Oops that is for my honey bees. And I wear a respirator while I am doing an OA vape 
It's not for goats

I got bees on my mind(doh)


----------



## toth boer goats (Jul 20, 2008)

:heehee:


----------



## HoosierShadow (Apr 20, 2010)

I am with Pam on treating with the Ivermectin Pour On. We deal with mites off and on through the year, and that's what works for us. We dose very much like Pam mentioned above 1cc/20lbs, but I do add a little more just to make sure I don't under dose.
If they have mites on their legs and are around 6mo old or older, I do 1cc per 20lbs down the back, then draw up a little more and put a little bit under each dew claw. I retreat every 5-7 days for a total of 3 treatments.

For affected spots or legs along with the Ivermectin treatment I use Nu Stock and apply daily on really bad cases, and every other day for mild cases, then once I see improvement I back off to every 2-3 days until skin clears up and any missing hair starts to regrow. 

We used the Ivermectin Pour On just as I recommended above for lice and eradicated them.

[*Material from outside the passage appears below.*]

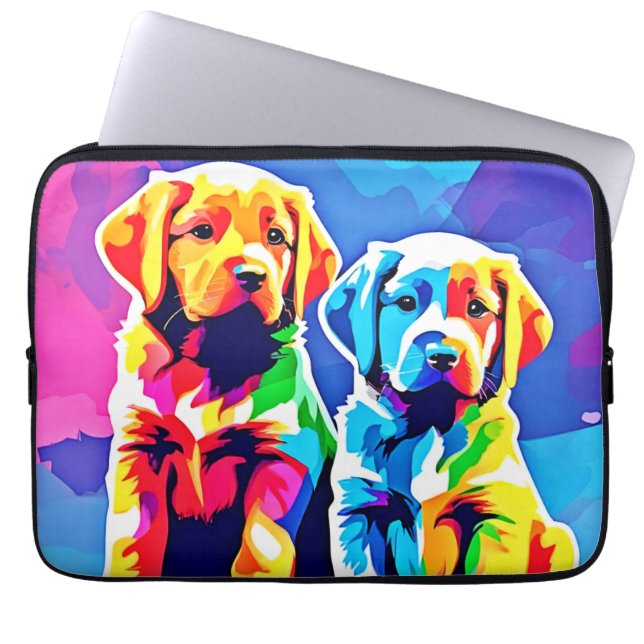 レインボーアップよくはしゃぐ: Duo ラップトップスリーブ (正面)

I also recommend either spraying bedding with Permethrin spray, or using some kind of powder like Gordon's livestock & dairy to treat sleeping areas.


----------



## toth boer goats (Jul 20, 2008)

:nod::up:


----------



## Denise Troy (Aug 31, 2019)

I was going to use ivermectin, then realized my goat is pregnant so you guys pointed me to cylense...then at TS..and on backyard herd they recorded permethrin 10...so I got that because of the price..but then I read on backyardherd that it’s basically sprayed on the entire goat..so not done in cold weather...but other people said it’s great to use in cold down the ridge line...so much advice...good news...her FASHAMa score is great..beautiful pink inside of eyes..and she did great while I did it! So, since I have the permethrin..should I go down the ridge line...diluted of course.


----------



## HoosierShadow (Apr 20, 2010)

Ivermectin IS SAFE for pregnant does! IMO this is the best route to take. You can use the pour on so the injection doesn't burn, and stress them out. But you need to treat regularly for at least 3 treatments, and clean out and dust their sleeping area - I like the Gordon's livestock & Dairy dust. 

Permethrin is good stuff, but I've never had good luck getting it to combat mites - it works great on lice, but not mites. I definitely wouldn't use it as a pour on. Safest way to use Permethrin is to dilute in water and soak the entire body - which in cold weather you don't want to do that.

Read my post above about using Ivermectin and Nu stock. It's very safe and effective. Key is being consistent and don't slack in treatment. 

You can use the Permethrin to spray down the walls in your barn/their sleeping area, then save it for warmer weather. In warmer weather I mix Permethrin and Skin so soft in a spray bottle to use as a bug repellent, it's hard to find things that aren't ridiculously expensive for flies, but for the most part this gives them relief, and also helps deter lice/mites.
My kids show in the summer months, so the last thing I want is for them to bring home bugs. We used this same process to eradicate lice years ago and haven't had a single case since then.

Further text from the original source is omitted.